The euro area has become an outlier among major financial markets following the decision to reform rather than eradicate Euribor (its version of the troubled Libor lending benchmark) that underpins about US$150trn in financial contracts. But moves by most other regulators to drop Libor from their home markets have increasingly had an impact on derivatives trading norms in Europe in recent months too.
The demise of US dollar Libor in June – and its replacement by the secured overnight financing rate – marked a watershed moment in this shift after SOFR became the reference rate for the US dollar leg in euro-dollar cross-currency swaps. That in turn has fuelled a surge in uptake in €STR, the risk-free equivalent rate in euros, for the European leg of those trades.
Traders say €STR has become the go-to interest rate benchmark for all cross-currency swap transactions involving a euro leg, a trend that has contributed to €STR representing more than a third of trading activity across euro derivatives markets in October compared with about 20% a year earlier, according to analytics firm ClarusFT and trade body ISDA.
“One driver of this activity is the familiarity that clients now have with risk-free rates in other currencies,” said Mark Rogerson, EMEA head of interest rate products at CME Group. “The vast majority of cross-currency transactions include a dollar leg and with SOFR being an overnight index most participants want the non-dollar currency leg to also be an overnight index.”
The last vestiges of US dollar Libor disappeared on June 30, ending a decade-long saga to strip the controversial interbank lending rate from more than US$200trn of financial contracts. That left the euro area as one of few jurisdictions that hadn’t transitioned to a risk-free reference rate for derivatives and other instruments.
More than 85% of trades in the US$35trn cross-currency swap market feature a US dollar leg, according to data from the Bank for International Settlements, while around US$14trn of trades have a euro leg.
Simon Green, head of cross-currency and short-term interest rate trading at Nomura, said 80%–90% of the bank’s cross-currency swap business is now €STR-based for transactions that feature a euro leg, as risk-free rates have become the market standard for cross-currency swaps in interbank trades.
That development means client trades using €STR for the euro leg instead of Euribor will typically face transaction costs that are between a quarter and a whole basis point lower, depending on the size and tenor of the swap. There have been almost 6,500 euro-dollar cross-currency trades worth US$1.06trn since the end of June, according to swap data repository DTCC and ISDA.
“It’s fair to say that the Euribor fixing has been volatile in 2023 so avoiding that uncertainty is something our customers are keen to do,” Green said.
Euribor lives on
Despite this growth, Euribor is still prevalent in financial markets. New debt sales in euros are predominantly pegged to three-month Euribor, said Kilian Frensch, head of euro swaps at Nomura – with the “occasional €STR or six-month Euribor variations”. Most longer-dated interest rate swaps also reference Euribor.
But at the shorter end of the curve, “almost all” derivatives risk exchanged in Europe with a tenor of two years and below is pegged to €STR, said Rogerson. “Benchmark consistency is key.

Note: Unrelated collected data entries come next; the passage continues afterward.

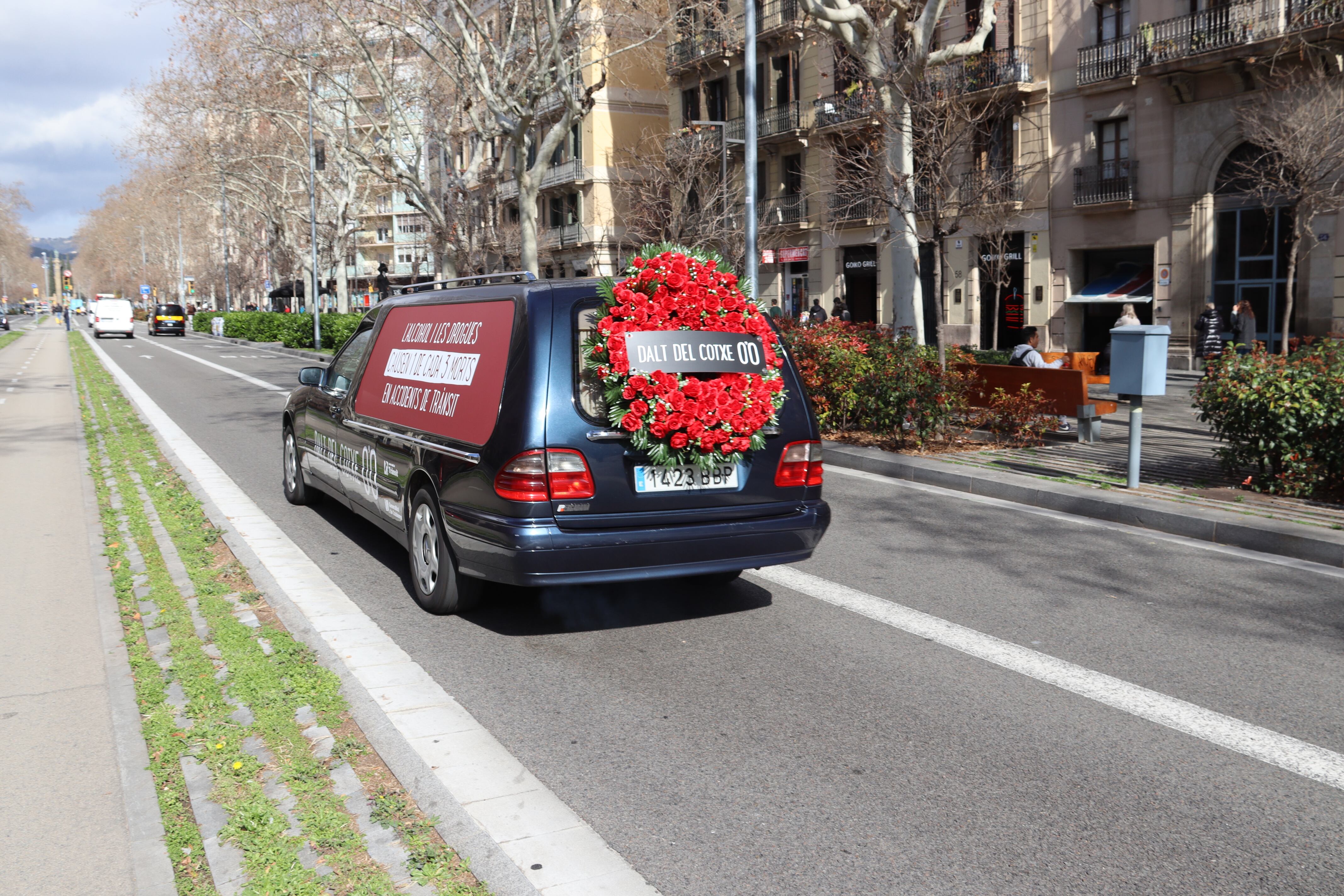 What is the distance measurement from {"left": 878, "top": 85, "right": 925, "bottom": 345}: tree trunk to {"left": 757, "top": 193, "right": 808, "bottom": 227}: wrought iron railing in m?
22.4

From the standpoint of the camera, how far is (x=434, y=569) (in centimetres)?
602

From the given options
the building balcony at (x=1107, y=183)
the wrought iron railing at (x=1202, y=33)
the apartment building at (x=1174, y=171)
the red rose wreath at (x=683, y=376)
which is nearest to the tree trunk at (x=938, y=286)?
the apartment building at (x=1174, y=171)

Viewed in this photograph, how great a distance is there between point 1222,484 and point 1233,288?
746 inches

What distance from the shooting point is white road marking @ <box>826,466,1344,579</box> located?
7.14 meters

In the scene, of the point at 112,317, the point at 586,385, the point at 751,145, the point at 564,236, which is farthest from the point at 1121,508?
the point at 112,317

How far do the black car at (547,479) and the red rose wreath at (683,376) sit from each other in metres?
0.08

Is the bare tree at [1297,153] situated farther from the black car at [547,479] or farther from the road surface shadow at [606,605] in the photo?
the black car at [547,479]

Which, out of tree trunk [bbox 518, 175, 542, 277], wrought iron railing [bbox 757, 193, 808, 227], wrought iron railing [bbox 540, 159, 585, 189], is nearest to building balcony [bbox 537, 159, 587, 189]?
wrought iron railing [bbox 540, 159, 585, 189]

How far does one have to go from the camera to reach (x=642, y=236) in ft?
125

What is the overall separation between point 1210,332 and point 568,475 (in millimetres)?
22474

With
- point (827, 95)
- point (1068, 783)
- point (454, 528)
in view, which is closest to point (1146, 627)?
point (1068, 783)

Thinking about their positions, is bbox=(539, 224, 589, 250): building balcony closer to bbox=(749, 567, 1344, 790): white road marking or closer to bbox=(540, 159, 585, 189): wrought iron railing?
bbox=(540, 159, 585, 189): wrought iron railing

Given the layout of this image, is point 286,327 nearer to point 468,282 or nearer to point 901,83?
point 901,83

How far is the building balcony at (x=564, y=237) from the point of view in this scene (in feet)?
164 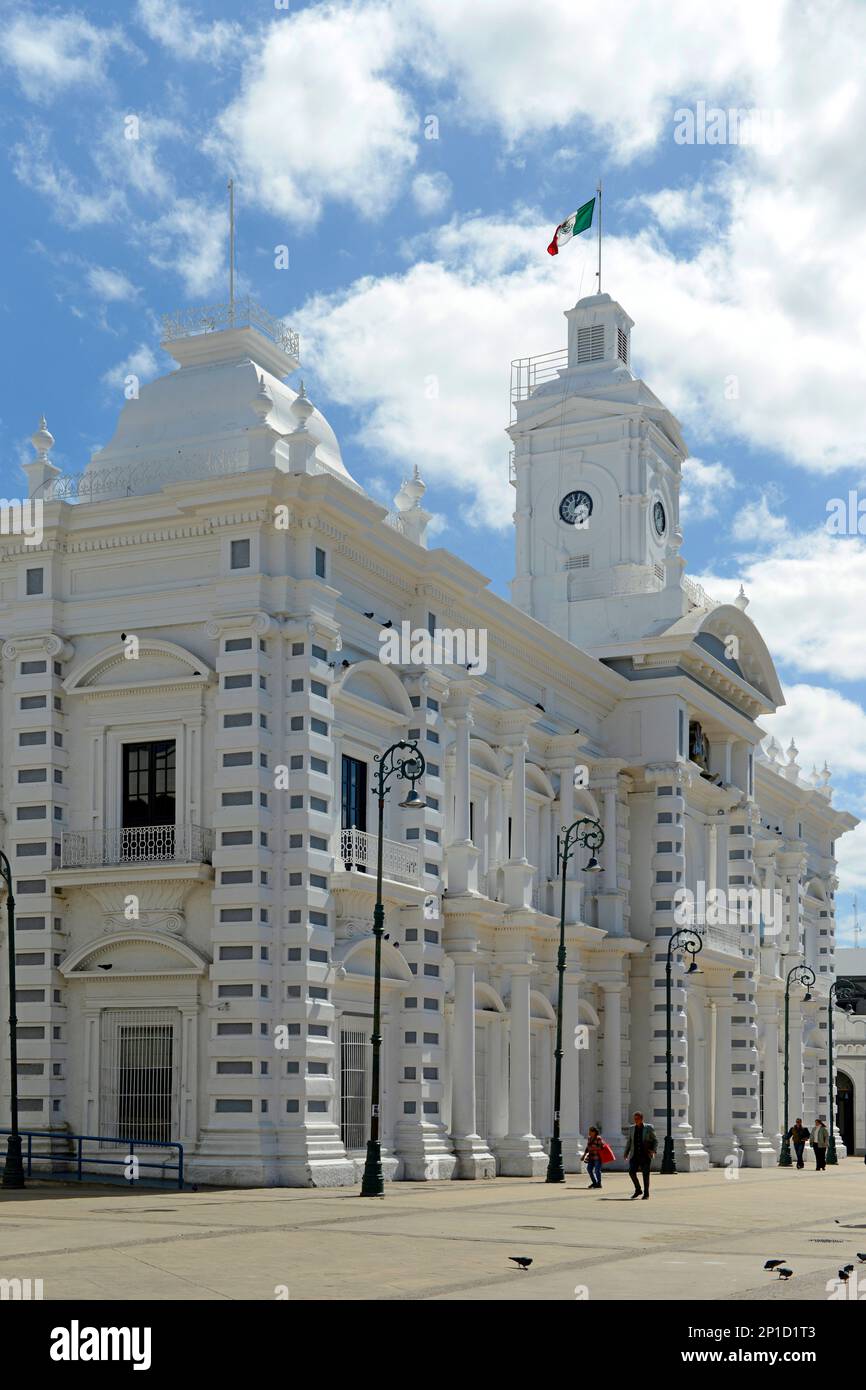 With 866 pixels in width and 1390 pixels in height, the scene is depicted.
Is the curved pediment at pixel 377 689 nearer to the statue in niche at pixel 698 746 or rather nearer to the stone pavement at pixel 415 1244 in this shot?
the stone pavement at pixel 415 1244

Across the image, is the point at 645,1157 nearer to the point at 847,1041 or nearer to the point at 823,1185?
the point at 823,1185

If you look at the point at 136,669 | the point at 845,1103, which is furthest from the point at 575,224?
the point at 845,1103

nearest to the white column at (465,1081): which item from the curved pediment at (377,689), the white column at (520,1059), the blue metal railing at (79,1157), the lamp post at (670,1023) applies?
the white column at (520,1059)

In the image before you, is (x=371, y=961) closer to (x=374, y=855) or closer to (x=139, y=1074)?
(x=374, y=855)

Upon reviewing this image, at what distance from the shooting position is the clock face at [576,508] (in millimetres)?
62469

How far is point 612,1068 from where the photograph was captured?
5231cm

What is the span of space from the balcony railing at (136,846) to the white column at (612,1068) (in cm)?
1861

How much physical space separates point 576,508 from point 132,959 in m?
29.7

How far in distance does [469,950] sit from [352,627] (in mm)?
8429

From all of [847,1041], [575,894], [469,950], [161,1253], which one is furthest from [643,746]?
[847,1041]

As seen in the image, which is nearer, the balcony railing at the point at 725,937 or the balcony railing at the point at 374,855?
the balcony railing at the point at 374,855

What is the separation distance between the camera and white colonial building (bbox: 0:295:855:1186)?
1438 inches

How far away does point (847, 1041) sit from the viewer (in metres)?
98.6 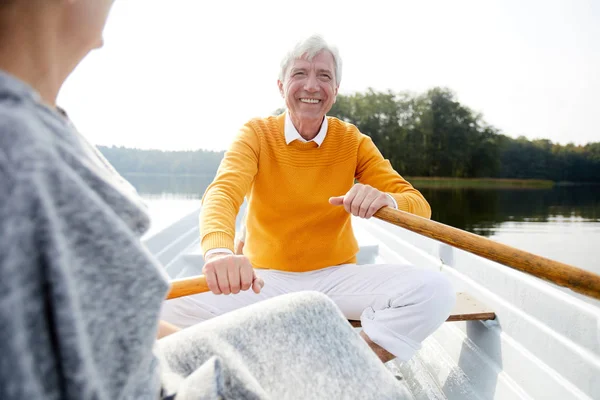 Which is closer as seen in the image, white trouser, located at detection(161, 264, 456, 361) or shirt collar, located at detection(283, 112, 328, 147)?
white trouser, located at detection(161, 264, 456, 361)

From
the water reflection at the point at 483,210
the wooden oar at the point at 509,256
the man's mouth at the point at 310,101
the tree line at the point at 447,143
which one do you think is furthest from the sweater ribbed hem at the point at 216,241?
the tree line at the point at 447,143

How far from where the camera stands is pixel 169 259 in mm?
2619

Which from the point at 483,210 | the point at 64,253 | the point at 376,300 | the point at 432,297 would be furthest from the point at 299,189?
the point at 483,210

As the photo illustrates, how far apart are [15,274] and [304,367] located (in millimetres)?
427

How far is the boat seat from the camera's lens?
1.46 meters

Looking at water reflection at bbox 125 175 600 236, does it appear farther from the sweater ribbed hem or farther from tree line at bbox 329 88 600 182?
the sweater ribbed hem

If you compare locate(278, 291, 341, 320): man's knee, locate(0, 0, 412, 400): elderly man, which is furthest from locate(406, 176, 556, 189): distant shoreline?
locate(0, 0, 412, 400): elderly man

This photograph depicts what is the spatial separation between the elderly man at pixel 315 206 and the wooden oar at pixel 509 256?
137 millimetres

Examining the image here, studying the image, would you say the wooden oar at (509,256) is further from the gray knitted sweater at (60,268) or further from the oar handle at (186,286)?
the gray knitted sweater at (60,268)

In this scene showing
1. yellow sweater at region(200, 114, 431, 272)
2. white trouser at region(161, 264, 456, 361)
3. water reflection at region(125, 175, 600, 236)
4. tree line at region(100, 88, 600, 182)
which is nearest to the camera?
white trouser at region(161, 264, 456, 361)

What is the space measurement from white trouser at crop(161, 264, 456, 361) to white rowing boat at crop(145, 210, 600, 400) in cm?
21

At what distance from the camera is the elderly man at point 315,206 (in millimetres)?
1341

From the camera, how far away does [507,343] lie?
4.66 feet

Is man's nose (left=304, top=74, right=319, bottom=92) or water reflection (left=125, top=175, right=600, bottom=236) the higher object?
man's nose (left=304, top=74, right=319, bottom=92) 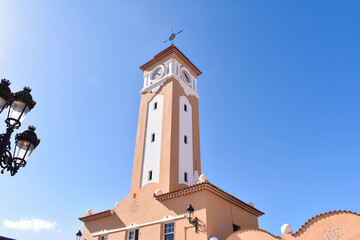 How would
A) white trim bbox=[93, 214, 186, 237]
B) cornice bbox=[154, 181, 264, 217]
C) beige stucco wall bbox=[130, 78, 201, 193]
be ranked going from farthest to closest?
beige stucco wall bbox=[130, 78, 201, 193] → white trim bbox=[93, 214, 186, 237] → cornice bbox=[154, 181, 264, 217]

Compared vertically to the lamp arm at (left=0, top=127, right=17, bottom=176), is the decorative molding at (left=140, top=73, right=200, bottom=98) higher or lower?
higher

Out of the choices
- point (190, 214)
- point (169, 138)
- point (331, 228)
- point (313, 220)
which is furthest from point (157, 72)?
point (331, 228)

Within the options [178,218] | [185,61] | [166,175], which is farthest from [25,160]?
[185,61]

Following the transition to SOFR there has been greater education leading to more operational, back office, and P&L systems support when it comes to using overnight index products,” he said.
Concerns around the future of Euribor are also playing a role, said Lee Bartholomew, head of fixed-income and currencies exchange-traded derivatives product design at Eurex. “In Europe, there’s a lack of clarity from the regulator around whether Euribor continues or whether they follow what the UK and the US did in regards to Sonia and SOFR,” he said. "I think at some point the regulator will look into this in more detail. For now, it appears that €STR and Euribor liquidity pools will coexist".
€STR is also registering healthy growth in the listed derivatives space, with CME seeing a rise in open interest for €STR futures to a record 33,900 contracts through November and December. Meanwhile, Eurex saw open interest for €STR futures reach 6,900 contracts in November – representing 17.5% of open interest market share, the exchange said. Both exchanges are planning to launch €STR options in the first quarter while ICE also recently launched its own €STR futures contracts.
“The exchanges are making this a very competitive market from a liquidity provider perspective, but there are genuine end clients looking to trade €STR," said Bartholomew.